◆ **Working data**:
= = = = =
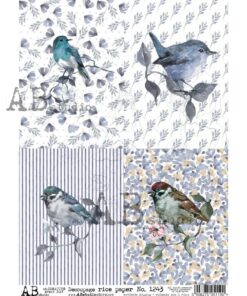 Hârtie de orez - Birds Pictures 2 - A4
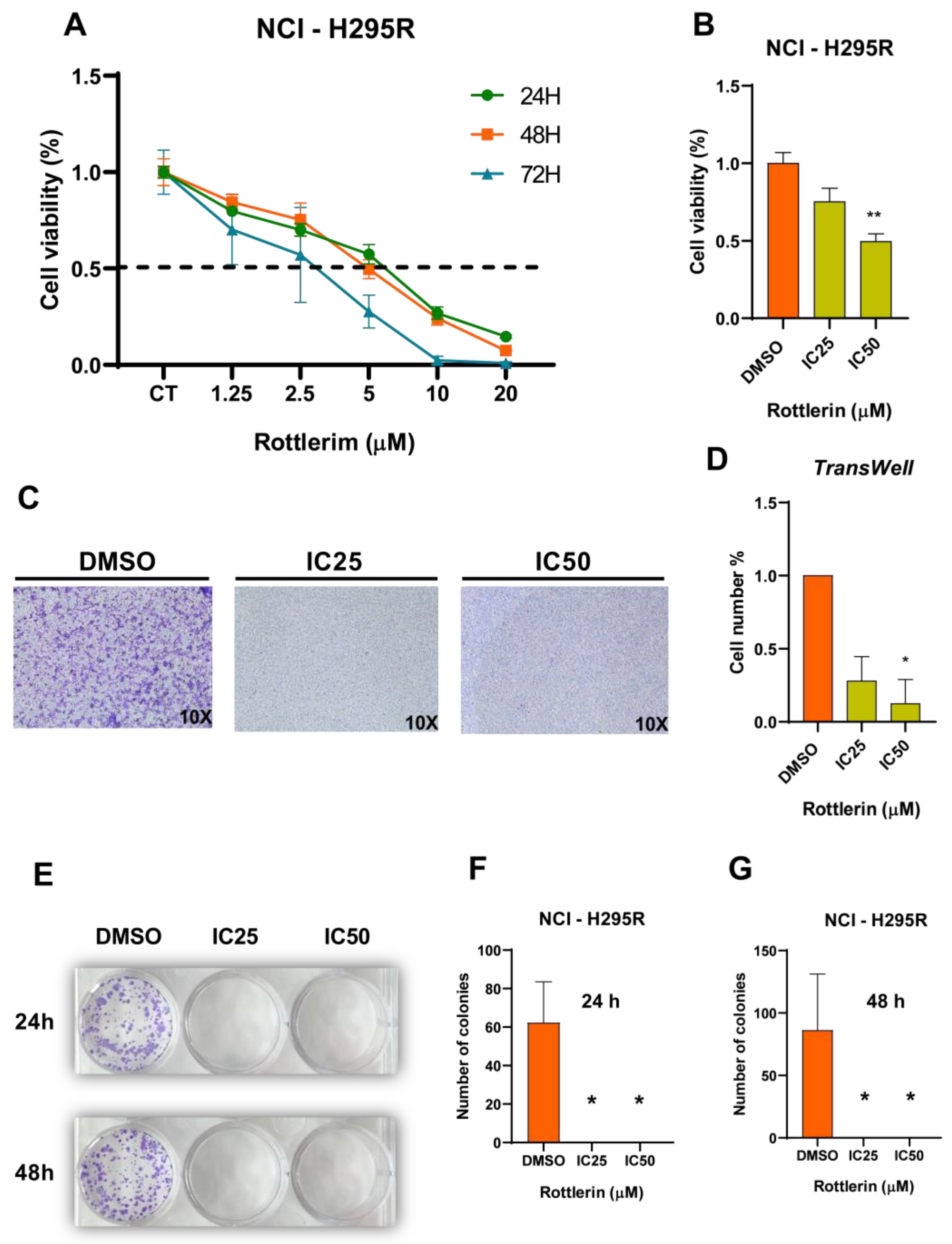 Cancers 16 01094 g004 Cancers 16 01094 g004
= = = = =
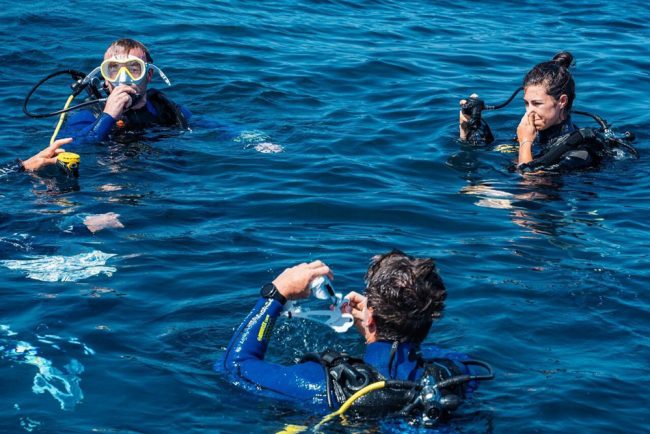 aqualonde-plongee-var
= = = = =
Starting at the line that contains "Hârtie de orez - Birds Pictures 2 - A4" and ending at the line that contains "Cancers 16 01094 g004 Cancers 16 01094 g004", transcribe the material above exactly, excluding pictures.

◆ **Exercise result**:
 Hârtie de orez - Birds Pictures 2 - A4
 Cancers 16 01094 g004 Cancers 16 01094 g004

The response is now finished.